From zero to one hundred and beyond in just one year… That’s perhaps the best way to summarise 2022 for RAI Amsterdam - so reads the Dutch venue’s recent Annual Report.
The first multi-day events started returning to the RAI Amsterdam late in March 2022 as the Covid restrictions were lifted, since when the halls have been rarely empty.
Last year saw a turnover of €118m as the RAI achieved a profit of €8.m. Nearly 1.2 million people visited the exhibition and conference venue and 300 (inter)national events (three of which were outside the Netherlands) took place in 2022.
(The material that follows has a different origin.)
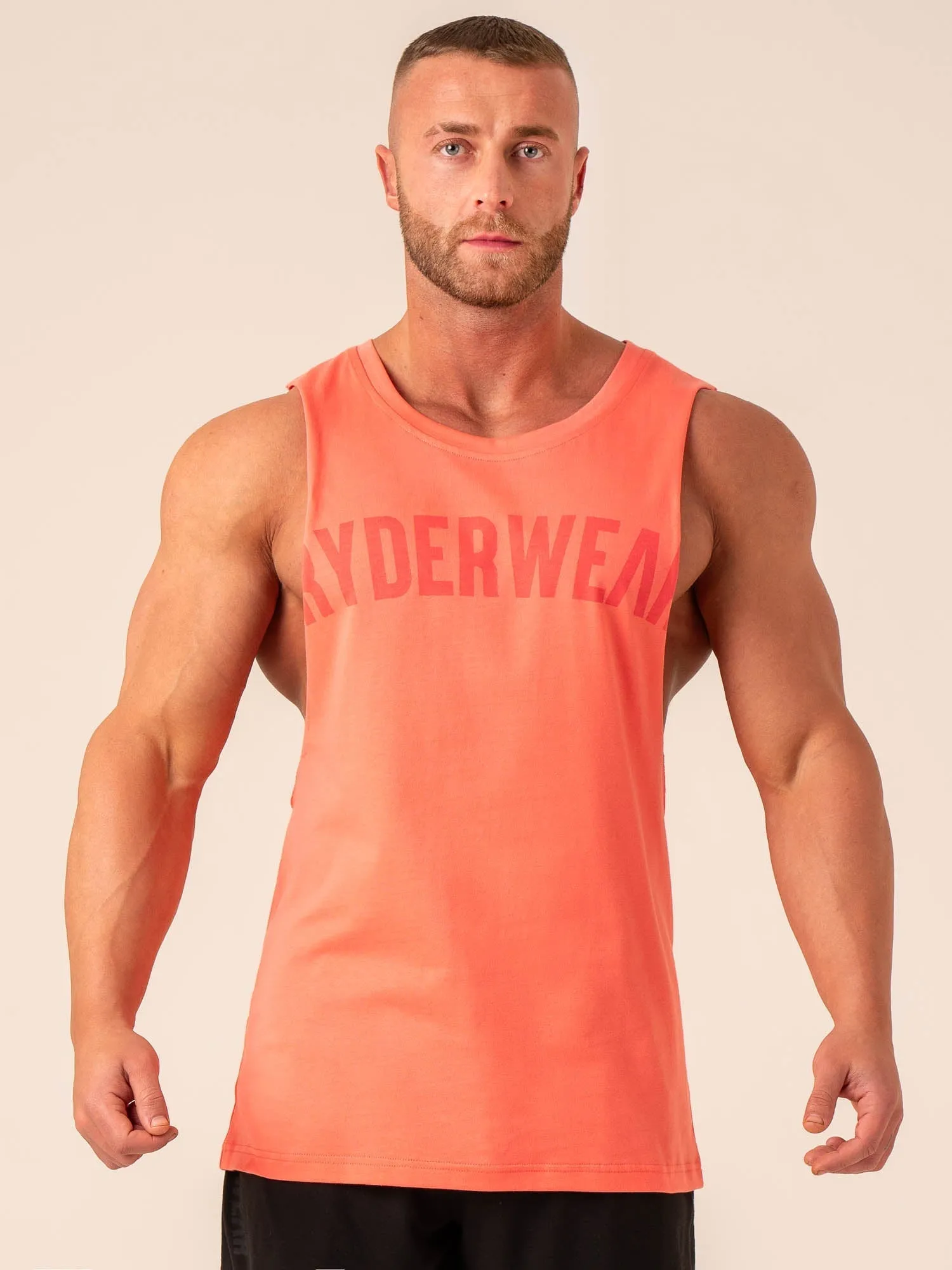 Baller Tank - Coral sold by Ryderwear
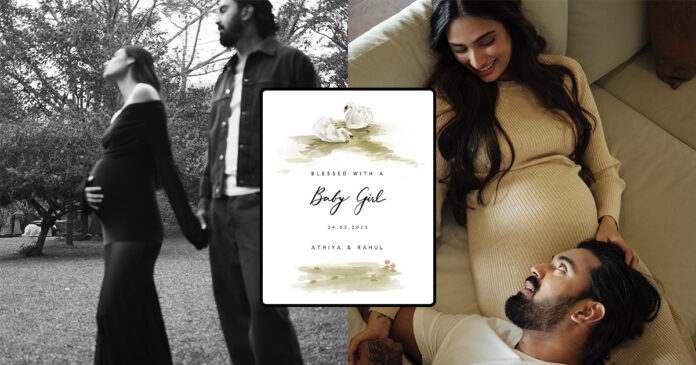 KL Rahul and Athiya Shetty Welcome First Daughter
Major trade exhibitions and conferences included the International Broadcasting Convention (IBC), Intertraffic and PLMA.
Economic impulse
Events at the RAI give a major economic impulse to the city and the region. The RAI processed some 27,000 hotel bookings in 2022, representing 90,000 overnight stays. Other hospitality venues and retail outlets also benefit from these visitors. Exhibitor and visitor numbers at the end of 2022 were largely back to pre-Covid levels and the RAI reports extending contracts with various major international organisers until at least 2026.
Sustainability
The RAI is also working on reducing food waste. Leftovers, lunches and dinners are prepared in collaboration with the Salvation Army and distributed to the homeless. And there are free parking spaces available for those with walking difficulties. And during major events, there are special ‘donation rooms’ where organisers and exhibitors can leave their left-over materials for good causes in Amsterdam.
The venue is working with the RAI Logistics Management System to spread the freight deliveries. Drivers have time slots so that they no longer have to wait. This also cuts down noise nuisance for local residents. And trucks now come in on one side of the RAI and leave the complex on the other side, near the motorway. Stand building is modular and sustainable and the materials are stored around the RAI and constantly reused.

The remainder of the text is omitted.